● **Your assignment**:
The answer should hold every line of the listing, unchanged and free of images.

==============================

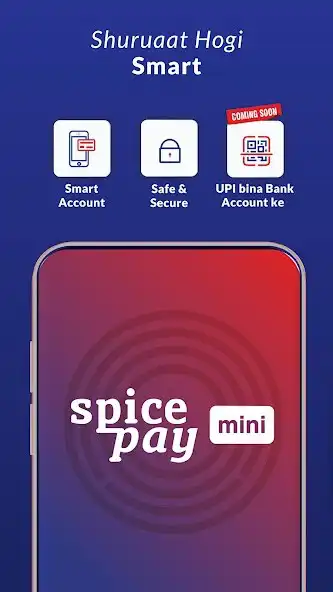 Play Spice Pay Mini: Digital Wallet  and enjoy Spice Pay Mini: Digital Wallet with UptoPlay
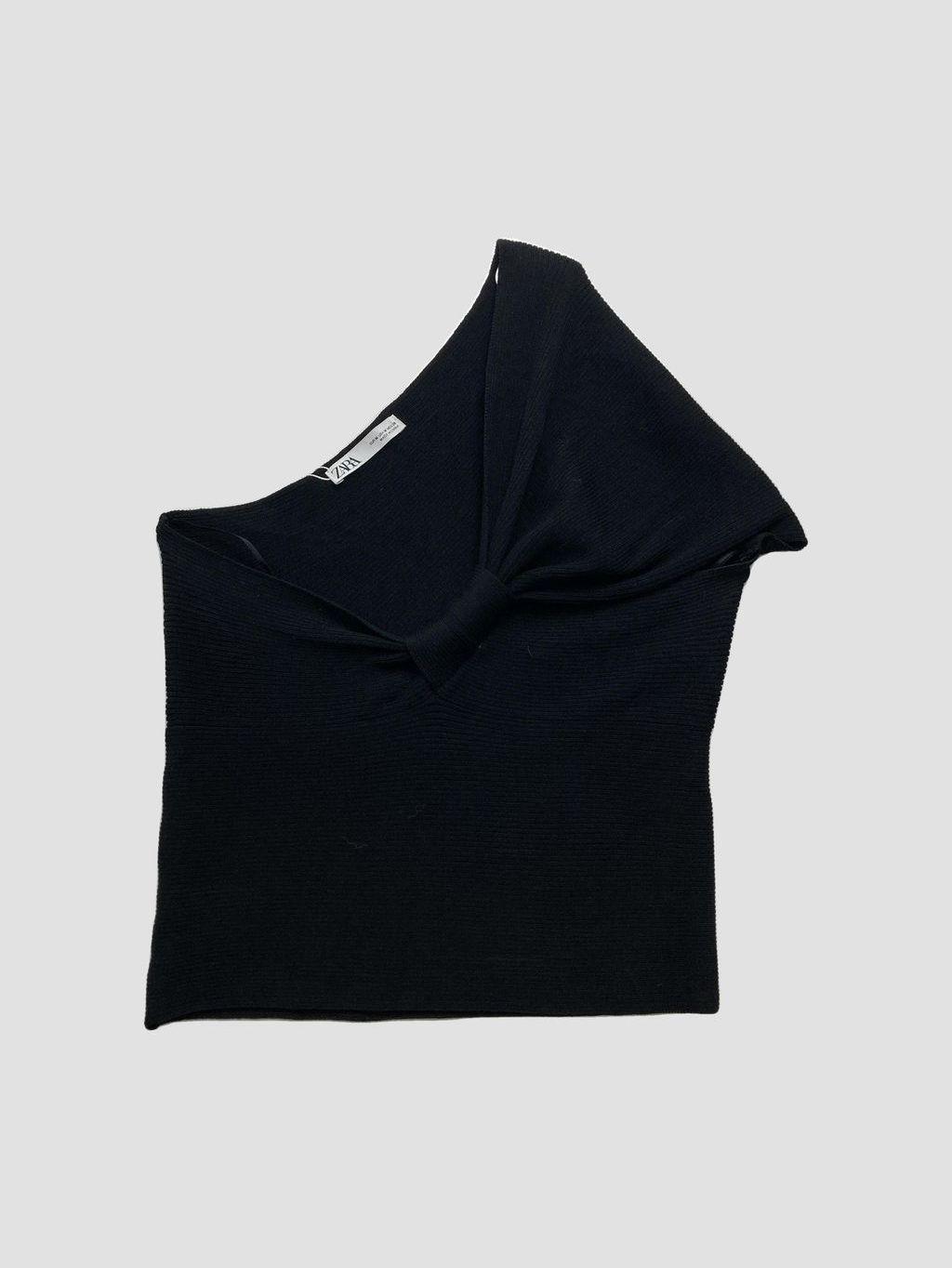 Top ZARA - Talla M (VOP01028997)-0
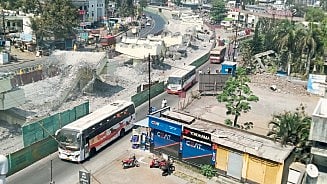 Alternative route required People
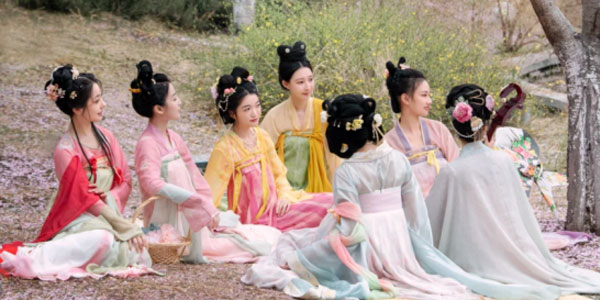 Some “Insider Terms” in the Hanfu Community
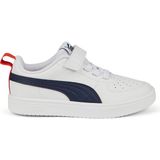 Puma Rickie Ac+ Ps Unisex Çocuk Ayakkabı Silikon Malzeme ile Konforlu Günlük Kullanım İçin - Renkli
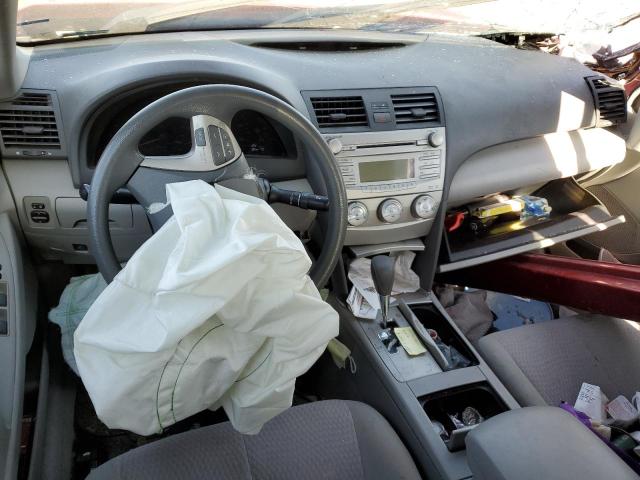 Zdjęcie 8 z aukcji – 2010 TOYOTA CAMRY BASE z VIN 4T4BF3EK5AR033865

==============================

● **Output for this exercise**:
 Play Spice Pay Mini: Digital Wallet  and enjoy Spice Pay Mini: Digital Wallet with UptoPlay
 Top ZARA - Talla M (VOP01028997)-0
 Alternative route required People
 Some “Insider Terms” in the Hanfu Community
 Puma Rickie Ac+ Ps Unisex Çocuk Ayakkabı Silikon Malzeme ile Konforlu Günlük Kullanım İçin - Renkli
 Zdjęcie 8 z aukcji – 2010 TOYOTA CAMRY BASE z VIN 4T4BF3EK5AR033865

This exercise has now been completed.